**EXERCISE AIM**
Every line of the listing that contains the word "with" is to be copied out.

**SUPPLIED INFORMATION**
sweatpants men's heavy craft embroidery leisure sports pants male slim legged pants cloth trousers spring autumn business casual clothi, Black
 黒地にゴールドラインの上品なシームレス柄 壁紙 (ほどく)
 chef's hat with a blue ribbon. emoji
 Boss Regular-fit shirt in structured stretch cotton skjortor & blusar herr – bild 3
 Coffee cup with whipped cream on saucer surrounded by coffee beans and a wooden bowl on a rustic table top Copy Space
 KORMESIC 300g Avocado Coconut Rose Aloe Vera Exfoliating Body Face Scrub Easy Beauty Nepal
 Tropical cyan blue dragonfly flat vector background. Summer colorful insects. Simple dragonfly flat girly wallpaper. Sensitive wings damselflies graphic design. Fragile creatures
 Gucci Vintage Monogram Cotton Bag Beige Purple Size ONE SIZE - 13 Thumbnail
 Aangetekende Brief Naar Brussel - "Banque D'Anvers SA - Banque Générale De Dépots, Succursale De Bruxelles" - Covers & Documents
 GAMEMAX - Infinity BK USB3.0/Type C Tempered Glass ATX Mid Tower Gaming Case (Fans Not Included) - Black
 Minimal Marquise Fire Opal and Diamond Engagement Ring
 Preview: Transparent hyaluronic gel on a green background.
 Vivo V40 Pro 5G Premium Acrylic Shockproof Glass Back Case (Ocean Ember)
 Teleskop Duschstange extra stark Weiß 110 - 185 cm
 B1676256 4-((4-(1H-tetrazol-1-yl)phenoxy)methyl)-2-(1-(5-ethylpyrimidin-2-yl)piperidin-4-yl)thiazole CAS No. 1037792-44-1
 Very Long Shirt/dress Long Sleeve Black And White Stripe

**EXPECTED ANSWER**
 chef's hat with a blue ribbon. emoji
 Coffee cup with whipped cream on saucer surrounded by coffee beans and a wooden bowl on a rustic table top Copy Space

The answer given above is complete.